» **Exercise prompt**
Your answer is the lines below, exactly, from the one that contains "купите Нож складной" through the one that contains "شقة للبيع بمساحة", both included.

Collected data entries:
..........
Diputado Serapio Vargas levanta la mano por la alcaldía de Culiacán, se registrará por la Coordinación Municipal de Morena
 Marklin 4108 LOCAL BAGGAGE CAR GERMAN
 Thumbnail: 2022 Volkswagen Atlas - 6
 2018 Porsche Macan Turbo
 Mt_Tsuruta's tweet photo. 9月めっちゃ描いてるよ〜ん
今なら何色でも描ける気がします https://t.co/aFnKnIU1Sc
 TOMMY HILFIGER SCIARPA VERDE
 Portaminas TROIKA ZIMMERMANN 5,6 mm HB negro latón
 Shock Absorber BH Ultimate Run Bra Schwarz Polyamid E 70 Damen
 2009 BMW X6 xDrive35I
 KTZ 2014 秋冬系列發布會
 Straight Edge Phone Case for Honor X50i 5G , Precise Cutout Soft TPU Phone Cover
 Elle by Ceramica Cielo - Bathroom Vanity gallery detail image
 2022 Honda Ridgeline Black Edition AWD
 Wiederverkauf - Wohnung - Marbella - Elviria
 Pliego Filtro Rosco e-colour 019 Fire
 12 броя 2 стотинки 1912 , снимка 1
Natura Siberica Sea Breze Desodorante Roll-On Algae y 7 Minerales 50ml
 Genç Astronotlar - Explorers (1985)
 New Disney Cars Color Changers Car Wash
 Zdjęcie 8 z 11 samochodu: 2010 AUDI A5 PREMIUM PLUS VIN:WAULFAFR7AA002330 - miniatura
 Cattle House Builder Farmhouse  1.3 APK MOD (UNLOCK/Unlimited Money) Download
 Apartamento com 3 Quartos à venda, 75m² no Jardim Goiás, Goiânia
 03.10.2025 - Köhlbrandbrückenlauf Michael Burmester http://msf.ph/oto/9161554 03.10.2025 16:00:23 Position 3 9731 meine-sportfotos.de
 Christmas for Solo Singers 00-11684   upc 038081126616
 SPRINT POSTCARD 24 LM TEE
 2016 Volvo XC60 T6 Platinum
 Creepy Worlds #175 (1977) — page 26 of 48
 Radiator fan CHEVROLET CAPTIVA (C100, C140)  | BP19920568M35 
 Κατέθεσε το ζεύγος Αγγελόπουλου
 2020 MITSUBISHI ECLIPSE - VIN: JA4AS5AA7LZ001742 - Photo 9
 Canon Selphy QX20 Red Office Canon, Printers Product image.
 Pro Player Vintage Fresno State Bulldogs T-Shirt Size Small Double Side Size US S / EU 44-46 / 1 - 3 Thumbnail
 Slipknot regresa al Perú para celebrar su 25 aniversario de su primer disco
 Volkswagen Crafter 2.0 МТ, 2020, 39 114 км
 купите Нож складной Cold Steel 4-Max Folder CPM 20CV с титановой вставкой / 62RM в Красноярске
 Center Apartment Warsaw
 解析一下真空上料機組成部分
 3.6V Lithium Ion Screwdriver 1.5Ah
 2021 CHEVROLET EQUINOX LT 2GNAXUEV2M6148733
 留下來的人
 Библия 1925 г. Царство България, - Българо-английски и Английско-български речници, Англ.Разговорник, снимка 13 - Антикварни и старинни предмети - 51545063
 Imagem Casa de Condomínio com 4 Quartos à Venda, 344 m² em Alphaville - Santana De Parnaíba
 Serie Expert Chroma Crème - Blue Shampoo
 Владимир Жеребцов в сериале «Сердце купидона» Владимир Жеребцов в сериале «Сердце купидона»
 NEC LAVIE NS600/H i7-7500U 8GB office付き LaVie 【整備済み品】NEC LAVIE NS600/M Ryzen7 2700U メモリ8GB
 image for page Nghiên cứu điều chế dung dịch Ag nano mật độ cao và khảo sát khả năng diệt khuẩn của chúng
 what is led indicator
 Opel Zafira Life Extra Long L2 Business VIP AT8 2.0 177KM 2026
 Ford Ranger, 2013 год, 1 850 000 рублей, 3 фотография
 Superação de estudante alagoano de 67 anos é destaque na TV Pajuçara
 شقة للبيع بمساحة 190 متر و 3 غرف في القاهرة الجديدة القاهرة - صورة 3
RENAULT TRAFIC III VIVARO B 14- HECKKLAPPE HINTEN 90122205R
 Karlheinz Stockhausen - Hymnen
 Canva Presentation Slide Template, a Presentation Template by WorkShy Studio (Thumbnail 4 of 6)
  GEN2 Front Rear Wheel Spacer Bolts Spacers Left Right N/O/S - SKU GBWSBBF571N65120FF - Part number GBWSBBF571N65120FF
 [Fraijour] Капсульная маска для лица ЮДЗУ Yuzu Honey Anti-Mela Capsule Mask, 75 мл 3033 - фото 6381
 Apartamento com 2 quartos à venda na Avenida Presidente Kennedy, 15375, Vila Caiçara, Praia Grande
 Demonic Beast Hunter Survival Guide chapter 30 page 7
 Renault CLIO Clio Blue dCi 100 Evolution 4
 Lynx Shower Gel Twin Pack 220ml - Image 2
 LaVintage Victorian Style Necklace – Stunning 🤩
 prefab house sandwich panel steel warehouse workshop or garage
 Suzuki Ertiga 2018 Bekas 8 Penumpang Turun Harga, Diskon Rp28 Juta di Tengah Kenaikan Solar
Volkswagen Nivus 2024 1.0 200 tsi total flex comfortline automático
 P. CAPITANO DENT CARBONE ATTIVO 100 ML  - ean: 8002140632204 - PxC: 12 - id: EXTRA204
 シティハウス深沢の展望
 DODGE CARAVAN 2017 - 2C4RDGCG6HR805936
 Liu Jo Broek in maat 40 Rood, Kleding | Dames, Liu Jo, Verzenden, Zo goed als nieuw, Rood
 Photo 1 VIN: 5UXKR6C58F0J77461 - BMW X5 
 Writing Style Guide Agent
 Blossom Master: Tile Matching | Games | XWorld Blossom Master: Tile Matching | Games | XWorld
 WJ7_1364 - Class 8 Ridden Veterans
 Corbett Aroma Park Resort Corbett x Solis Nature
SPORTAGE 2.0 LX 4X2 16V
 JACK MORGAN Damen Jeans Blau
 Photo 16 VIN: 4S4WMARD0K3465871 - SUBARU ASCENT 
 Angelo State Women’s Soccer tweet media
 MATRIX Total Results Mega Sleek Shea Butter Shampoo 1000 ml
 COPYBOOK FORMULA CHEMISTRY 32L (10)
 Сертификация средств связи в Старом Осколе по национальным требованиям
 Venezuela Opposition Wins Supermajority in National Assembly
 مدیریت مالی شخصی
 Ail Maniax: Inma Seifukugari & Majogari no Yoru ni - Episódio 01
..........
» **Solution to this problem**
 купите Нож складной Cold Steel 4-Max Folder CPM 20CV с титановой вставкой / 62RM в Красноярске
 Center Apartment Warsaw
 解析一下真空上料機組成部分
 3.6V Lithium Ion Screwdriver 1.5Ah
 2021 CHEVROLET EQUINOX LT 2GNAXUEV2M6148733
 留下來的人
 Библия 1925 г. Царство България, - Българо-английски и Английско-български речници, Англ.Разговорник, снимка 13 - Антикварни и старинни предмети - 51545063
 Imagem Casa de Condomínio com 4 Quartos à Venda, 344 m² em Alphaville - Santana De Parnaíba
 Serie Expert Chroma Crème - Blue Shampoo
 Владимир Жеребцов в сериале «Сердце купидона» Владимир Жеребцов в сериале «Сердце купидона»
 NEC LAVIE NS600/H i7-7500U 8GB office付き LaVie 【整備済み品】NEC LAVIE NS600/M Ryzen7 2700U メモリ8GB
 image for page Nghiên cứu điều chế dung dịch Ag nano mật độ cao và khảo sát khả năng diệt khuẩn của chúng
 what is led indicator
 Opel Zafira Life Extra Long L2 Business VIP AT8 2.0 177KM 2026
 Ford Ranger, 2013 год, 1 850 000 рублей, 3 фотография
 Superação de estudante alagoano de 67 anos é destaque na TV Pajuçara
 شقة للبيع بمساحة 190 متر و 3 غرف في القاهرة الجديدة القاهرة - صورة 3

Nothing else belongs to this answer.